Tuesday, November 13, 2012

On Sundays


On Sundays, I always have the same dream. Which is only to say that it is not.  I dream of my grandma sitting in his favorite rocking chair. Reading.  That’s the way I like her to spend his time in my dreams. Once, when I had that dream on a Sunday, I was looking through a kaleidoscopic peephole and the colors and shapes were so mesmerizing that I dozed off. As I was falling asleep, I saw a piece of poetry of the approximately following content:

I have an inappropriate emotion /
Which is inappropriate to everybody else except for me /
I rid get off the emotion abovesaid want to /
And yet, when I want to, I cannot /
Makes me think I cannot feel /
Makes me think I cannot tell what appropriate is /
And what is not!

I assumed that the poetry must have been from a book or something…I heard the telephone ringing.

Hi dear…Wassup grandma! Reading a book…Cool! Tell me about it! It’s about a kid who has a dream on Sundays. Always the same dream. Which is only to say that it is not. What!? On Sundays, the kid has dreams of grandaddy who is a gangster and reads dirty comic books. But she is a gangster of a specific sort. The only gangsternalia of the poor guy is his proverbial leather jacket—the symbol of his undivided passion for birds. Bullshit, grandma, if I may! No, you can. Listen, grandma…how about I tell you that the book you are reading is a piece of shit that I fantasize of eating every morning for breakfast until I feel hunger no more, which is for a good half an hour, after which I want to devour more of that crappy thing until you tell me…Get out of here. You are my kin, but truth be told, you fucking are so full of shit. Grandma! Stop it! Tell me more about the book you are reading…

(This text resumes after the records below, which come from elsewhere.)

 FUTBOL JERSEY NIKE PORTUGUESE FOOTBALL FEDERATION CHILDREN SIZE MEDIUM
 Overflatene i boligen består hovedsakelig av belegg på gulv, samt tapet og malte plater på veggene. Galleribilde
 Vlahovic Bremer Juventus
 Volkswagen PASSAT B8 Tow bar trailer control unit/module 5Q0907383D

I woke up to the sound of the telephone ringing. I picked up the phone and then I woke up. I remembered that it was Sunday. And I, as always, have the same dream on Sundays. Which is only to say that it is not.  I dream about the music from the book she is reading. It might be the sound of whispering leaves. Dry, yellow, orange, golden…glimmering in their silver glory…in the reflection of quiet sunshine.  It might be the sound of an unexpected spring air amidst the conquering cold season. Such interruptions are so painfully soft that it hurts even thinking of going  for a walk in such weather. Because one would rather spend the whole day dreaming of the book that somebody’s grannie is reading.

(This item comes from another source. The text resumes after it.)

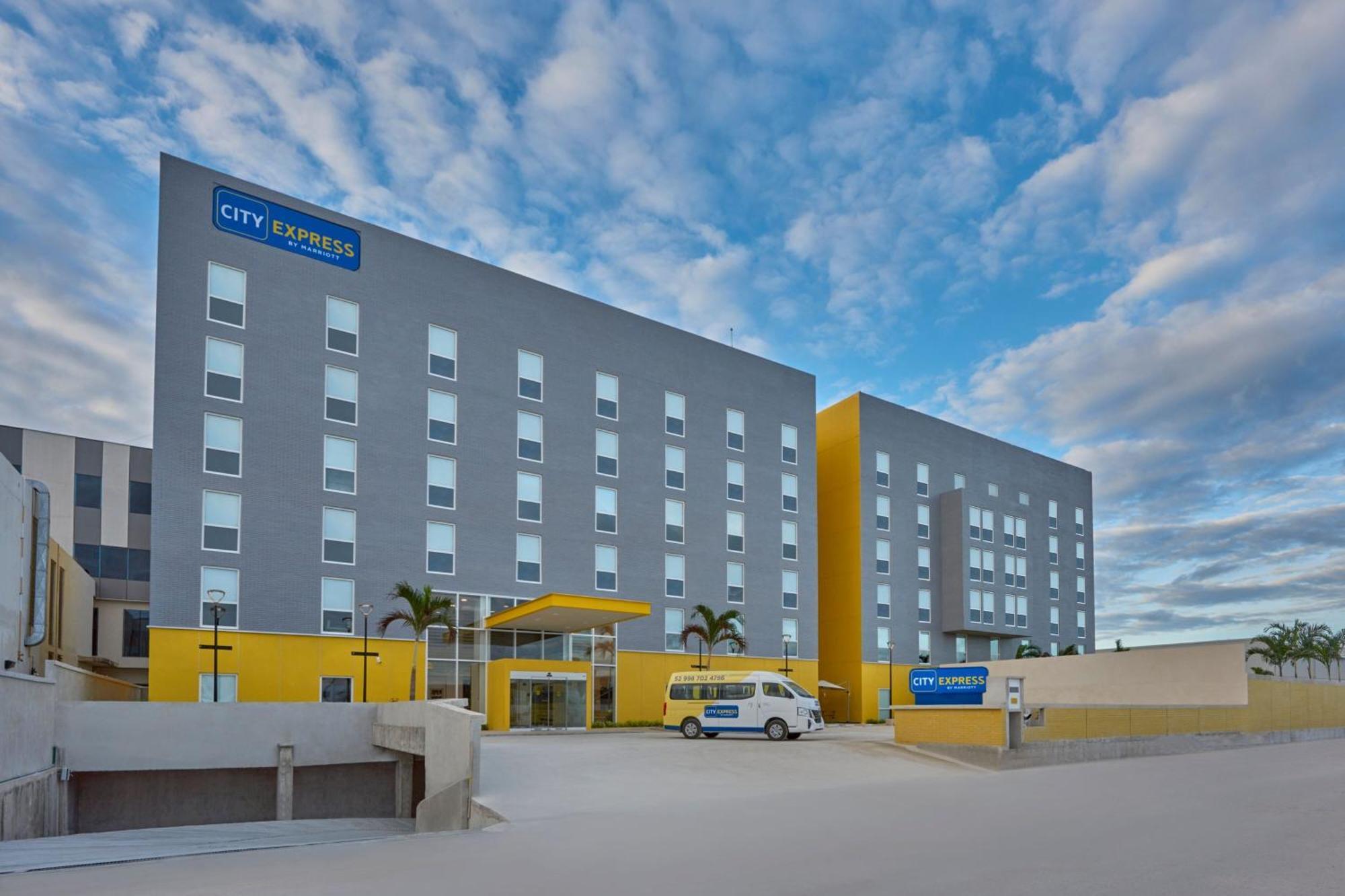 City Express By Marriott Cancun Aeropuerto Alfredo V. Bonfil Kültér fotó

And then I wake up to the phone ringing. I pick up the phone.

The book is pretty much about my constant feeling of having inadequate emotions and wanting them to dissipate. The moment I decide it to be my wish, the wish defies itself and I wish my feelings were not something I want to detach myself from. Wow! I know. I was like…how can you want and do not want to feel something at the same time? It’s not exactly how you understand it. The book is about maps. Maps of paths, streams, isles, and more. They are almost invisible. Because they are merely meandering between greater spatial chunks. Paths become streams when they are threatened. Streams become isles when they are endangered. They meander between greater spatial chunks. Geography of time eats the language of spatial temporality. The pathstreamsisles know no such language.

How can you want and do not want to feel something at the same time? Oh, do shut up. Don’t you tell me what to fucking do! I won’t.  The phone is ringing. I won’t answer! That’s right!!

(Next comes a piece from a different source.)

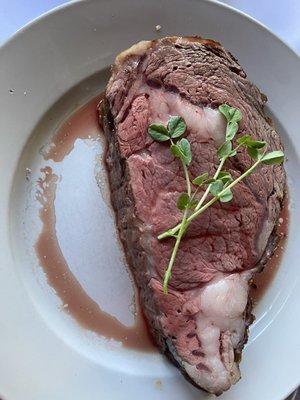 Anthony's Restaurant & Bistro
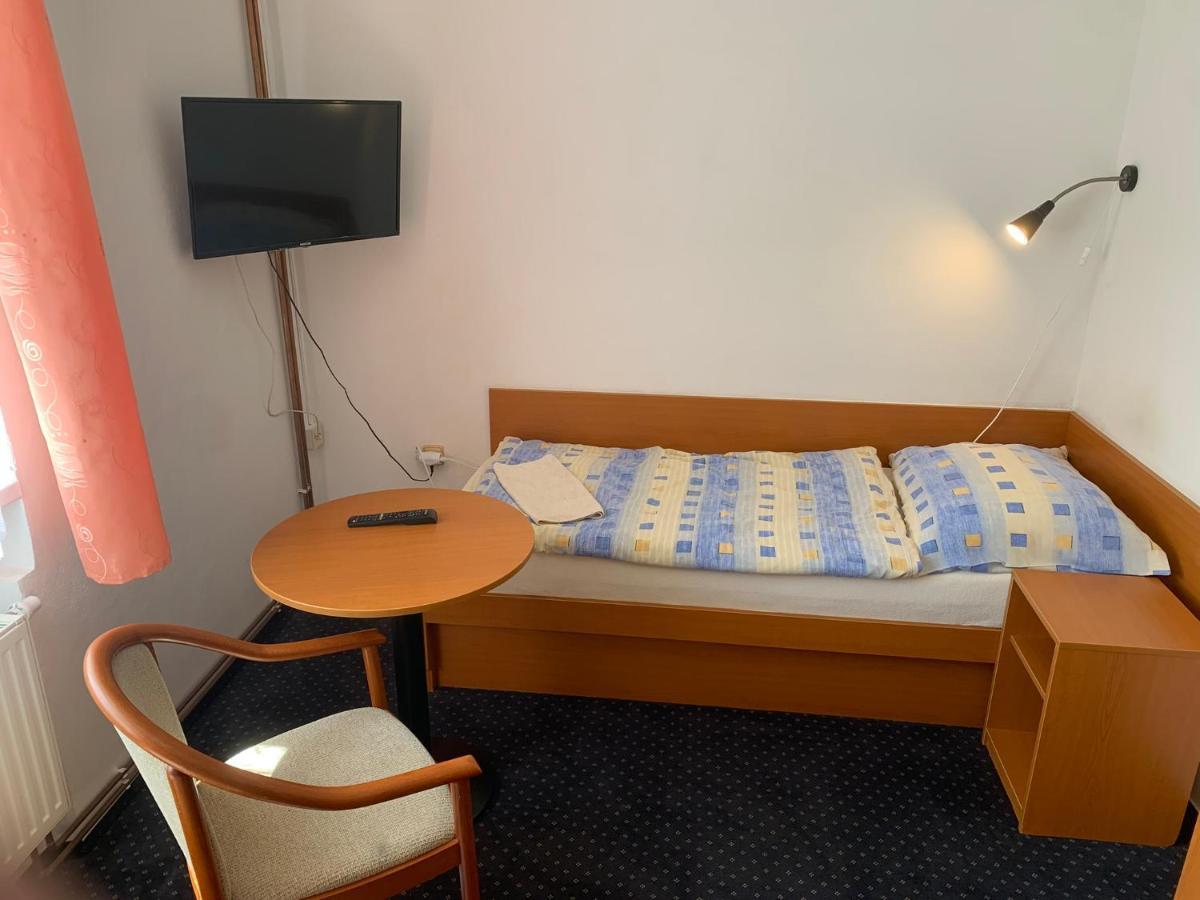 Hotel Rabbit Trhovy Stepanov Exterior photo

I might like to have coffee and a cigarette for breakfast. You might prefer bacon and eggs. I might feel fulfilled if I spend the whole warm afternoon walking through the vistas from my dreams. You might prefer jogging. I might find it most rewarding if I can spend three rainy days in complete isolation crying because I don’t understand my own dreams. You might think tears are repellent. I might live in a memory of my own unwritten poetry. You may think that if it’s unwritten, it’s not poetry. I might not want to try to explain it. I don’t care what somebody prefers to how I like things to be. I just have to figure out how to hard headedly persevere in unwillingness.